Читаем Голоса тишины полностью

Ибо, сложившись, когда укоренилась идея, что любой художник желает делать то, что мы называем картиной, воображаемый музей наполнился полотнами, которые там требовались современному искусству. На зов живых форм откликаются и вновь возникают мёртвые формы. XVII век расценивал произведения готики как неумелые потому, что простонародные скульпторы, к которым он приравнивал всех скульпторов Средних веков, были бесспорно менее искусны, чем Жирардон[91], но, главным образом, потому, что, возможно, были более неумелыми. Эта проекция настоящего времени на прошедшее вовсе не прекратилась, но кто-нибудь из современных скульпторов, у кого, быть может, были бы точки соприкосновения с дороманскими, не был бы для нас неумелым, – он был бы экспрессионистским.
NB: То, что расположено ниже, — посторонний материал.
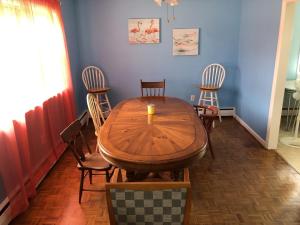 a dining room with a wooden table and chairs at Beach Front on the Bay in our Rustic, Pet Friendly Cottage home in North Camellia Acres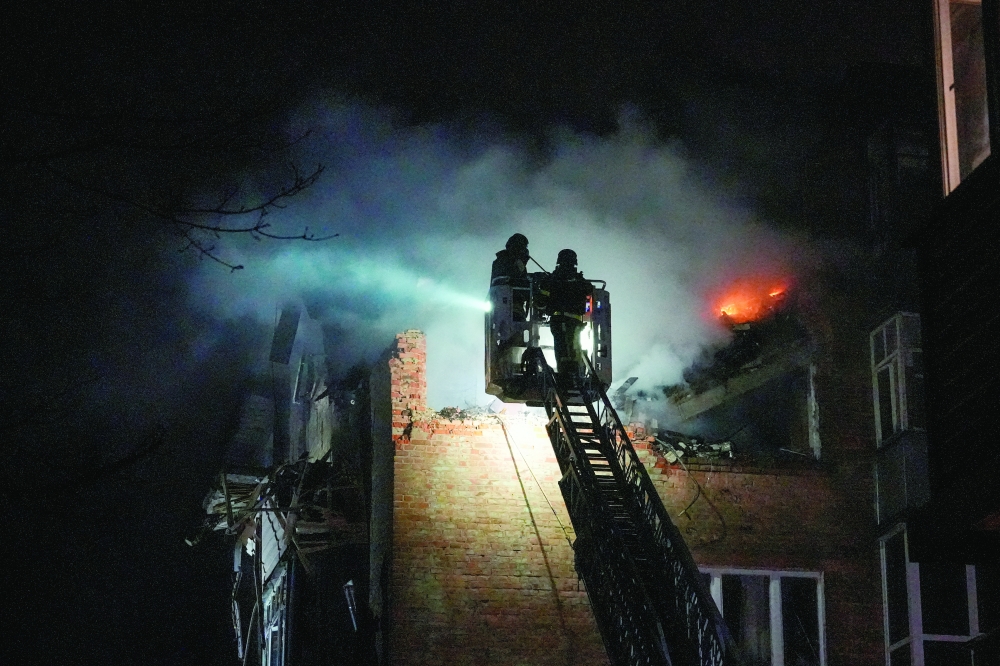 Firefighters work at the site of an apartment building hit by a Russian drone strike, in Chernihiv, Ukraine. — Reuters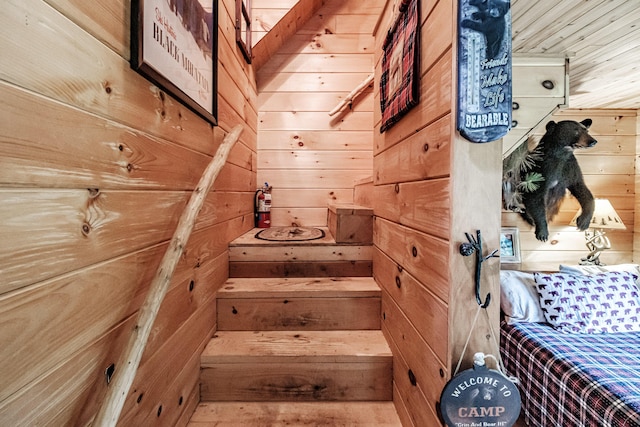 staircase with wooden walls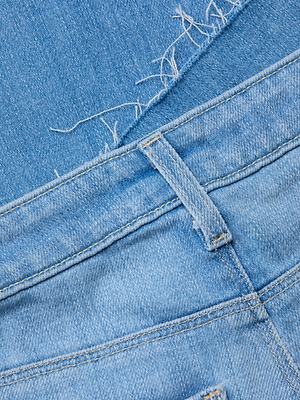 Close-up of the Ruth Straight-Leg Jean in light indigo, featuring light blue denim, a belt loop, seam stitching, and a raw frayed hem with loose threads.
И стал бы возрождать дороманскую скульптуру. Уччелло[92] выдвинется на первый план, а Гверчино[93] исчезнет. (Как заинтересоваться Гверчино? Боже мой, да, наверное, так же, как Веласкес заинтересовался, когда покупал его картины для короля Испании). На службе самых устоявшихся идеалов Европы последовательно оказались искусства не только различные, но и друг другу враждебные: XVII век против художников готики; Лабрюйер, в частности, восхищается античной скульптурой и архитектурой не ради их стилевых особенностей, а в силу их естественности; точно так же за их естественность романтизм будет превозносить произведения готики в противовес искусству XVII века. Подобно этой метаморфозе естественного, любое воскрешение – искусством, его вызывающим, и тем, что оно раскрывает, – проецирует на прошлое обширные зоны тени. Паоло Уччелло в нашем понимании, очевидно, не принадлежит ни искусству прошлого, ни XVII веку, «наш» Гверчино – не более того.
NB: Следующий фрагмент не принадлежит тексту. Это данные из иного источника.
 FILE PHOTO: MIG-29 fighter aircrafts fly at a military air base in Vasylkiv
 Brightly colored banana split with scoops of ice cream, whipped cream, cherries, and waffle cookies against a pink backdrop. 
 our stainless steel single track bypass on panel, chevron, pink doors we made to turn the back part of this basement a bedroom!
Мы в меньшей мере, чем это может показаться, склонны почитать Тициана, чем Ренуара, Мазаччо, чем Сезанна, а Эль Греко, чем какого-нибудь кубиста, но в Мазаччо, как и в Эль Греко, мы восторгаемся тем, что избираем, и пренебрегаем остальным. То, что любое воскрешение ориентировано, видно уже в первых больших коллекциях антиков, несмотря на реставрации. Современные музеи охотнее принимают торсы, чем ноги. Удачное увечье, которое прославило Венеру Милосскую, могло бы быть произведением какого-нибудь талантливого антиквара; увечья также имеют стиль. И отбор хранимых фрагментов делается далеко не случайно: мы предпочитаем безголовые статуи Лагаша[94], кхмерских Будд без тела и отдельно взятых ассирийских фавнов. Случай разбивает, время трансформирует, но выбираем-то мы.


Рогир ван дер Вейден. Алтарный образ «Снятие с креста» (фрагмент), 1435–1440 гг.
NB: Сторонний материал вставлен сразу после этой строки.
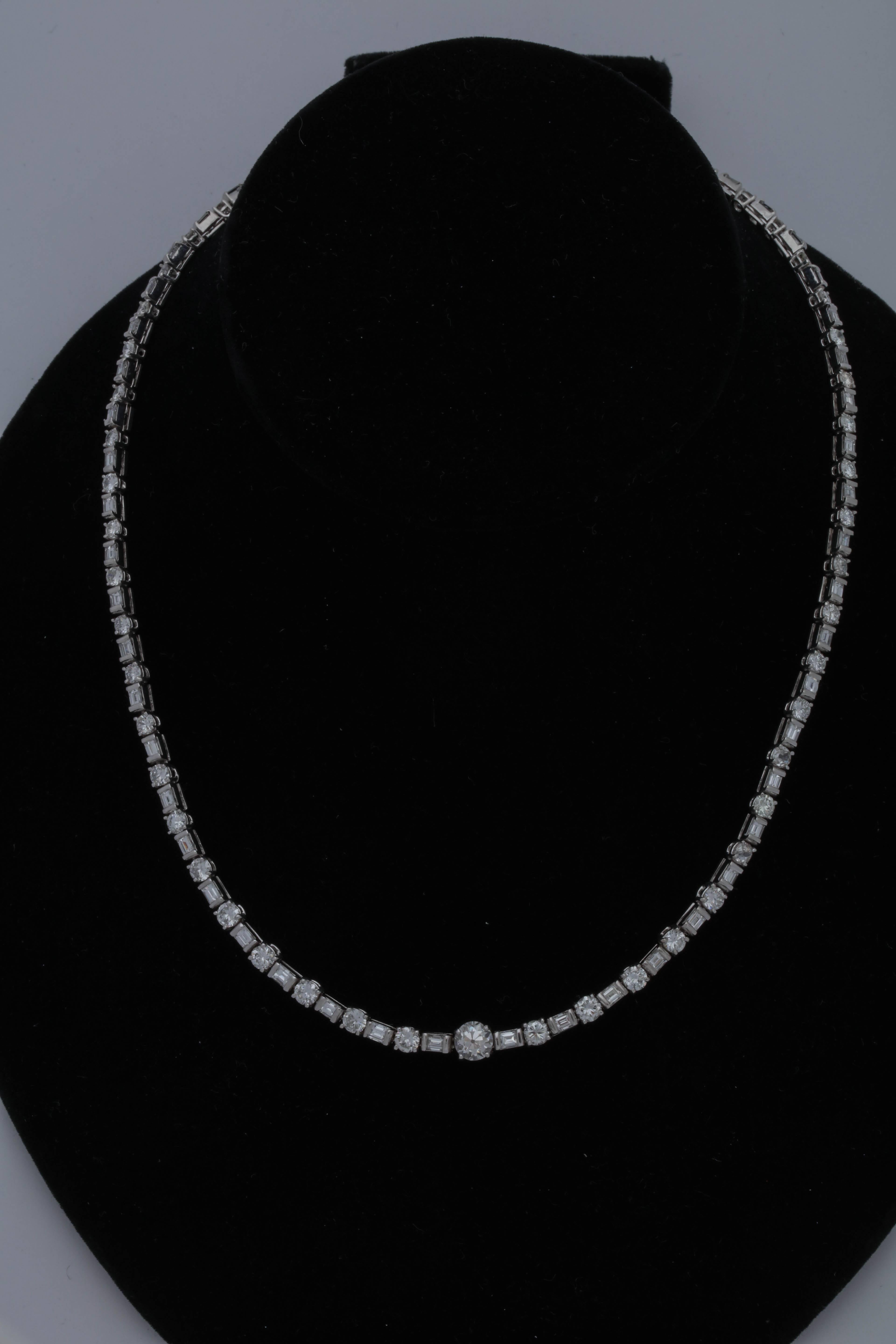 One Ladies Platinum Necklace Designed In a Riviere Style Flexible Straightline Motif. This Platinum Necklace Is embellished With Numerous Alternating High Quality Horizontal Baguettes And With Alternating Prong Set Full Cut round diamonds . Total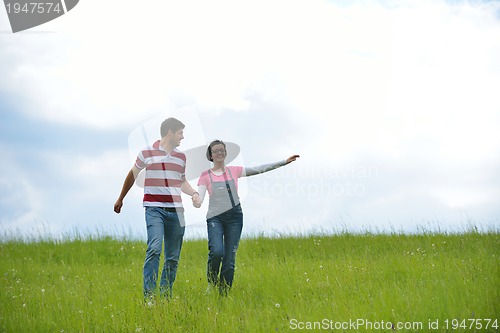 Image of romantic young couple in love together outdoor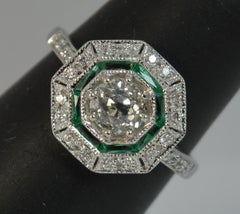 18 Carat Gold 0.85 Carat Old European Cut Diamond and Emerald Target Halo Ring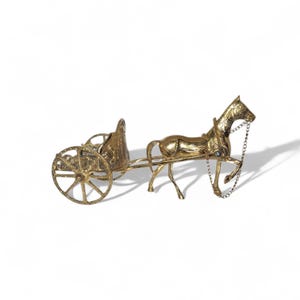 Puede incluir: Figurilla de metal dorado de un carro tirado por caballos. El carro tiene un diseño detallado con ruedas de radios y un asiento. El caballo está conectado al carro con una cadena. La figurilla está sobre un fondo blanco.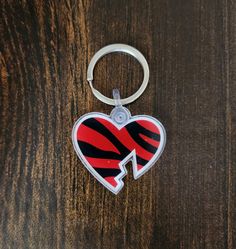 a red and black heart shaped keychain sitting on top of a wooden table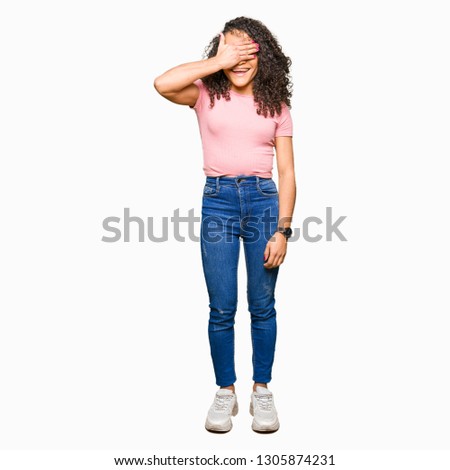 Young beautiful woman with curly hair wearing pink t-shirt smiling and laughing with hand on face covering eyes for surprise. Blind concept.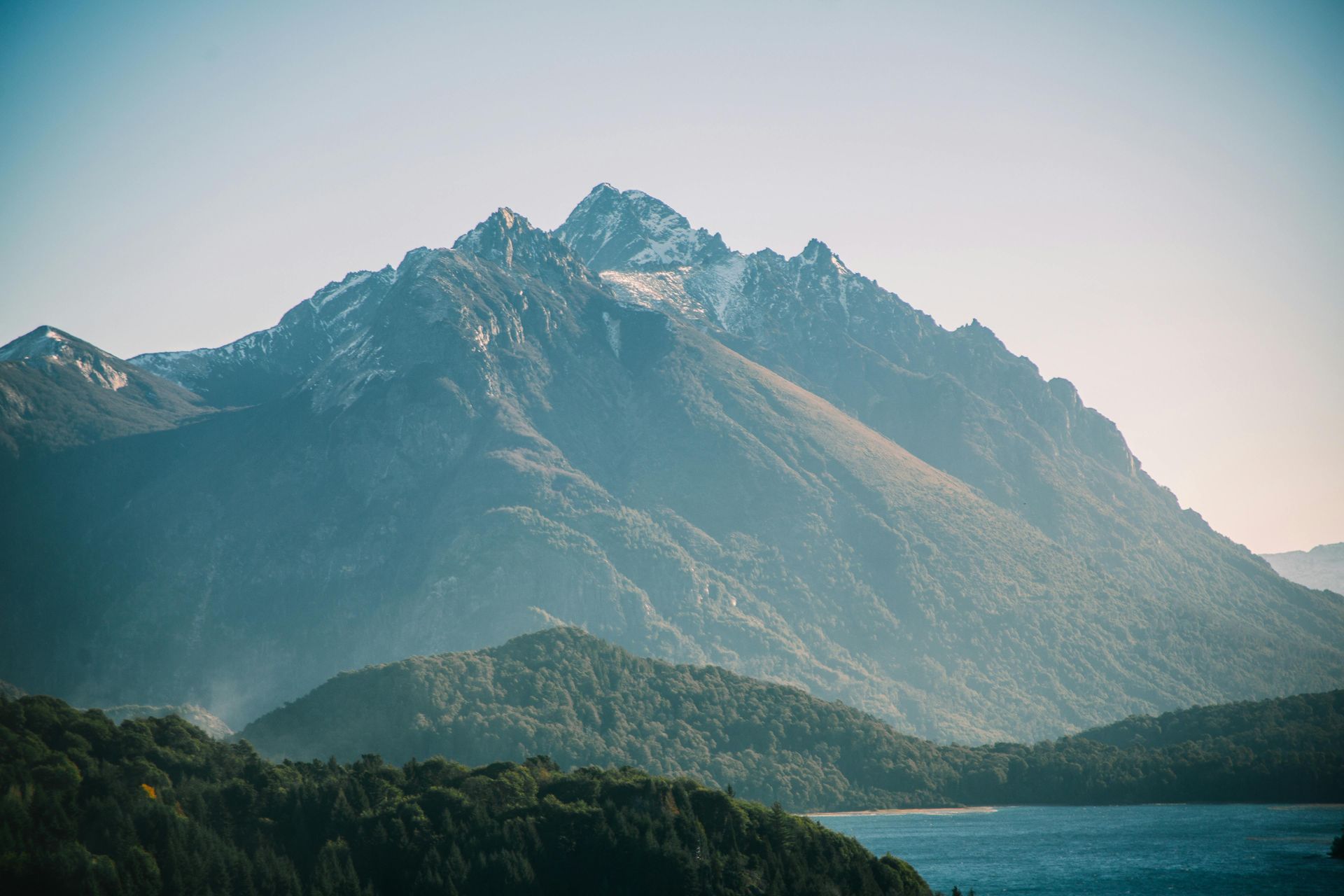 Two mountain goats with curved horns stand on a rocky ledge, gazing towards the camera, against a blue sky with white clouds.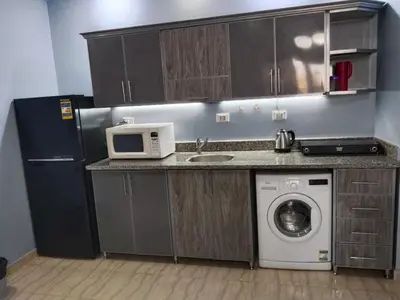 a kitchen with a washing machine and a microwave at Andalus in in Hurghada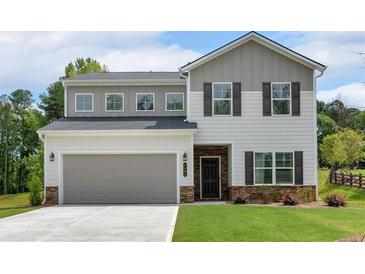 Charming two-story home with a gray two-car garage and a well-manicured front yard at 4563 Sweetlake Court Sw, Mableton, GA 30127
Впрочем, нередко время – пособник. Нет сомнения, множество шедевров исчезли навсегда. Но относительная разобщённость произведений, которые до нас дошли, придаёт им величие, которое, быть может, нас обманывает. Разве изобилие всего, что написал Ян ван Эйк, не нарушило бы высокое одиночество «Мистического агнца»?[95] Имя Рогира ван дер Вейдена[96], быть может, имело бы более глубокий резонанс, если бы он написал только «Снятие с креста» для Эскориала. Трудно поверить, что наравне с десятью полотнами, которые ставят Коро вровень с Вермеером, он же автор очаровательных мелких перегруженных пейзажей, хранящихся в провинциальных музеях Франции. Кто знает, не лучше ли мелкие работы из мастерской Рубенса – пейзажи, несколько нетленных портретов – сочетались бы с мастерской Ренуара, чем с незабываемым «паническим» гимном «Кермессы»?[97] Ведь селекция времени – не только селекция сменяющих друг друга эпох…

Общеизвестно, что в XIX веке накопление защитного лака приводило к созданию некоего музейного стиля, до абсурда сближая Тициана и Тинторетто, пока очистка не избавила их от излишнего родства. Ни Тициан, ни Тинторетто не просили потомков покрывать их полотна жёлтым лаком; а если античные статуи побелели, в том нет вины Фидия, и уж тем более Кановы. Но музейный лак стал нестерпим для хранителей, когда живопись посветлела.


Пифокрит. «Ника Самофракийская», ок. 190 г. до н. э.


Одним своим появлением на свет любое великое искусство меняет искусства прошлого: Рембрандт после Ван Гога – не совсем тот, чем он был после Делакруа. Не меньше их меняют и некоторые открытия в областях, друг другу чуждых: кино постепенно разрушает любое искусство иллюзии, перспективу, движение, а завтра – и выразительность. И если Жак Луи Давид увидел искусство древности не так, как Рафаэль, это не только потому, что смотрел на него другими глазами, но и потому, что, увидев большее количество произведений, он видел не одни и те же.